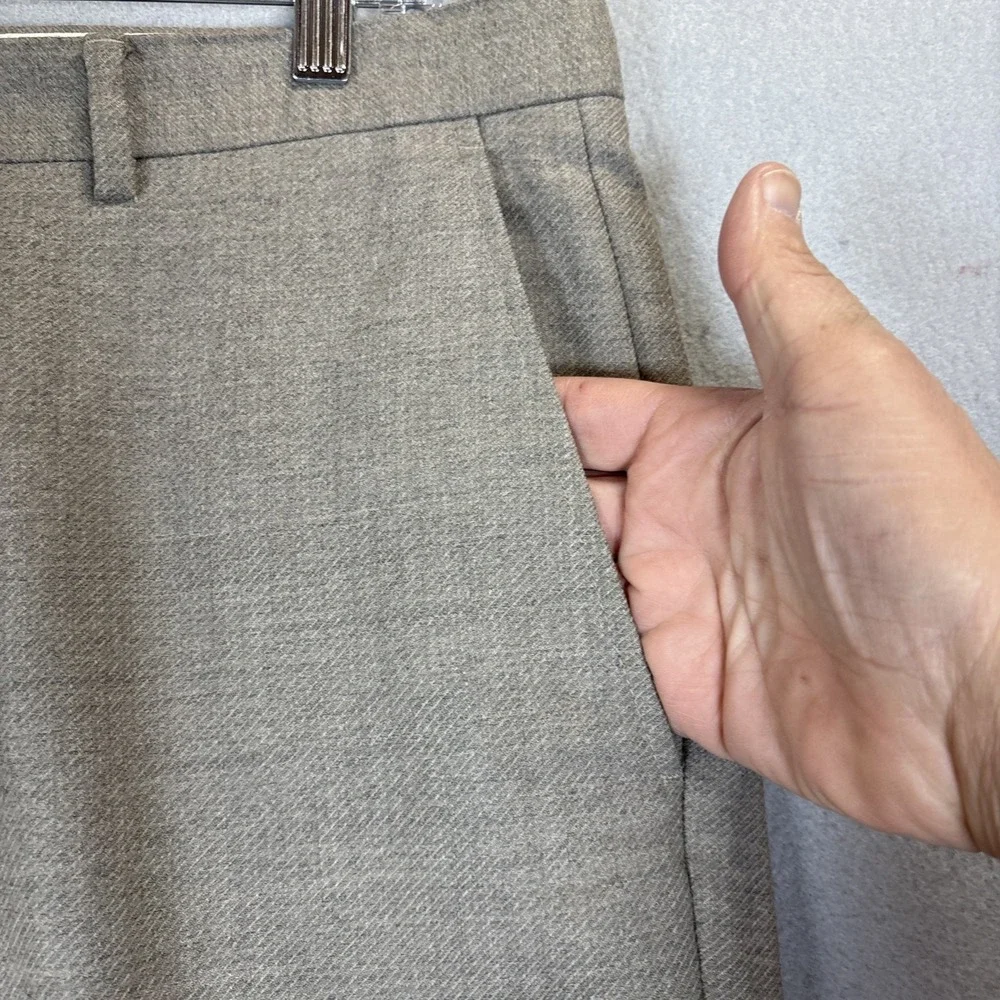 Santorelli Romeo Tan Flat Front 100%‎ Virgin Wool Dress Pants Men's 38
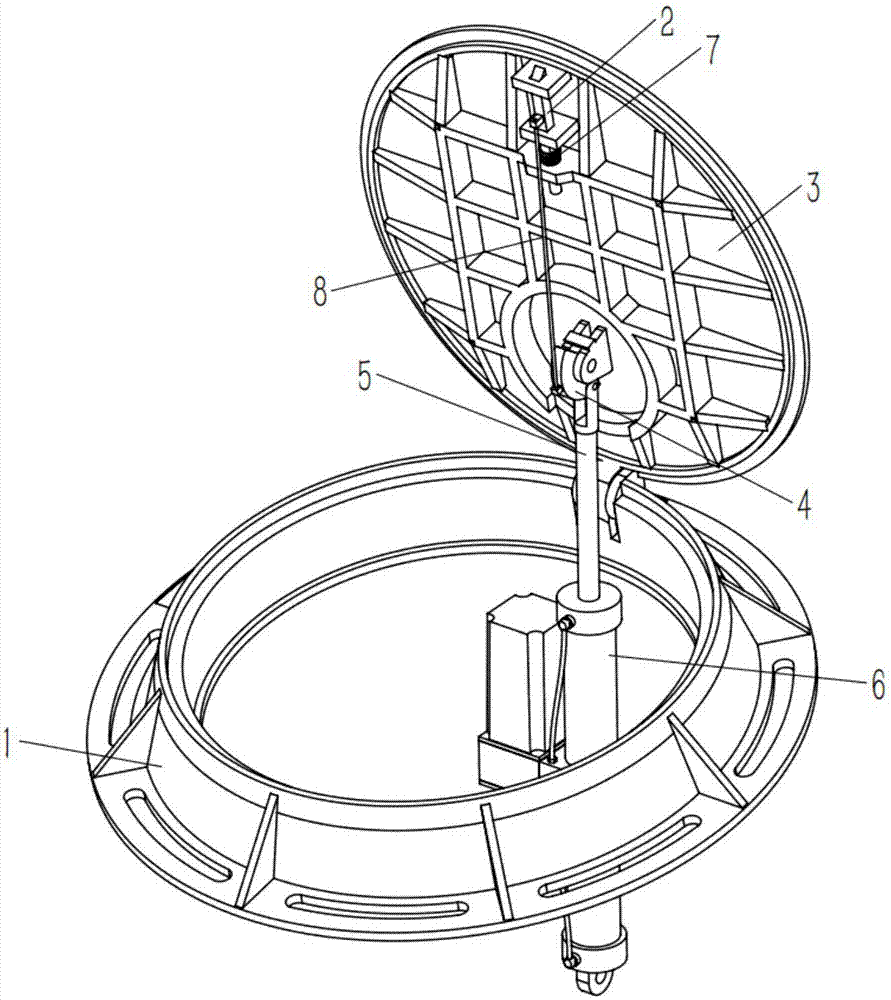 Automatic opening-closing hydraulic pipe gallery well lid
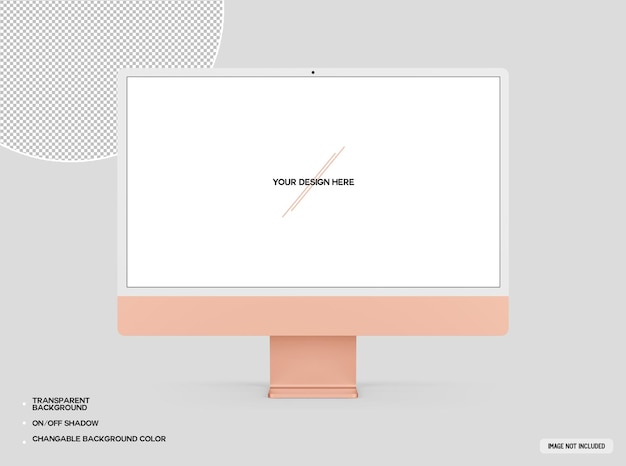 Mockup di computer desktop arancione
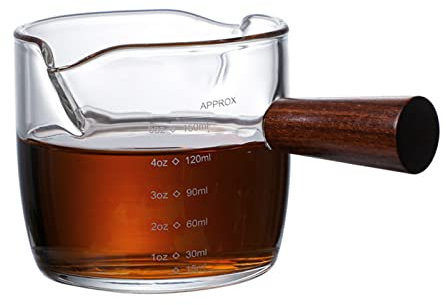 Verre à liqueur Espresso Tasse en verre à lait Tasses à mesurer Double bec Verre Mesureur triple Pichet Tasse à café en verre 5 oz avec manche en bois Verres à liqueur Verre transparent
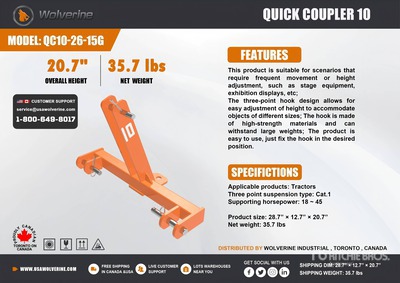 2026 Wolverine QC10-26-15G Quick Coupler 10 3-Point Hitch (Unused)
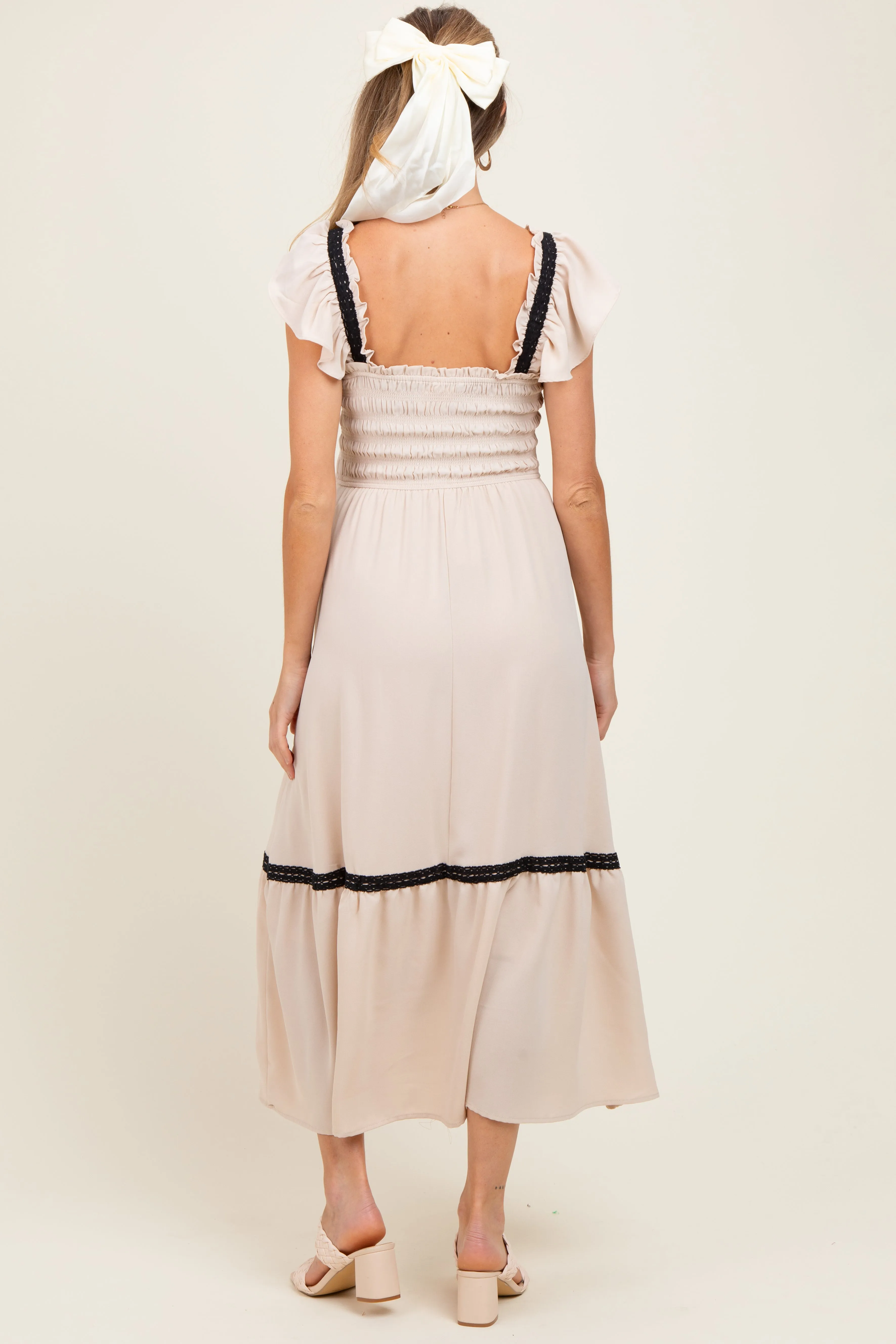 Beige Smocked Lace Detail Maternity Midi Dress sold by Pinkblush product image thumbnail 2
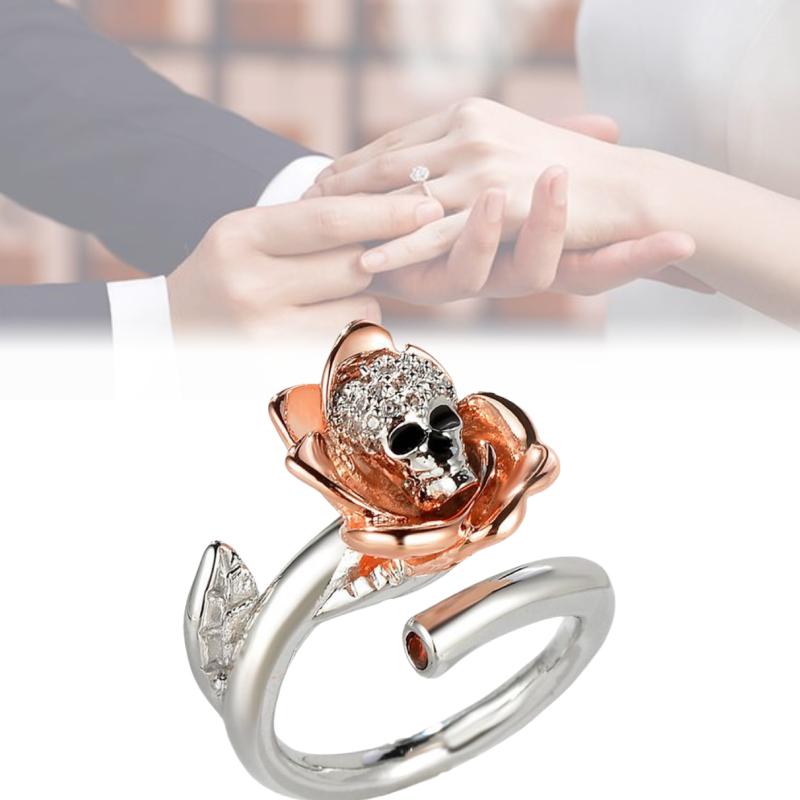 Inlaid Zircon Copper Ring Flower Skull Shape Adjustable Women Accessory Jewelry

Exercise requirements: Print only the lines from the first line of the data above through the one containing "Beige Smocked Lace", exactly as they are, with pictures omitted.

Output for this exercise:
 Santorelli Romeo Tan Flat Front 100%‎ Virgin Wool Dress Pants Men's 38
 Automatic opening-closing hydraulic pipe gallery well lid
 Mockup di computer desktop arancione
 Verre à liqueur Espresso Tasse en verre à lait Tasses à mesurer Double bec Verre Mesureur triple Pichet Tasse à café en verre 5 oz avec manche en bois Verres à liqueur Verre transparent
 2026 Wolverine QC10-26-15G Quick Coupler 10 3-Point Hitch (Unused)
 Beige Smocked Lace Detail Maternity Midi Dress sold by Pinkblush product image thumbnail 2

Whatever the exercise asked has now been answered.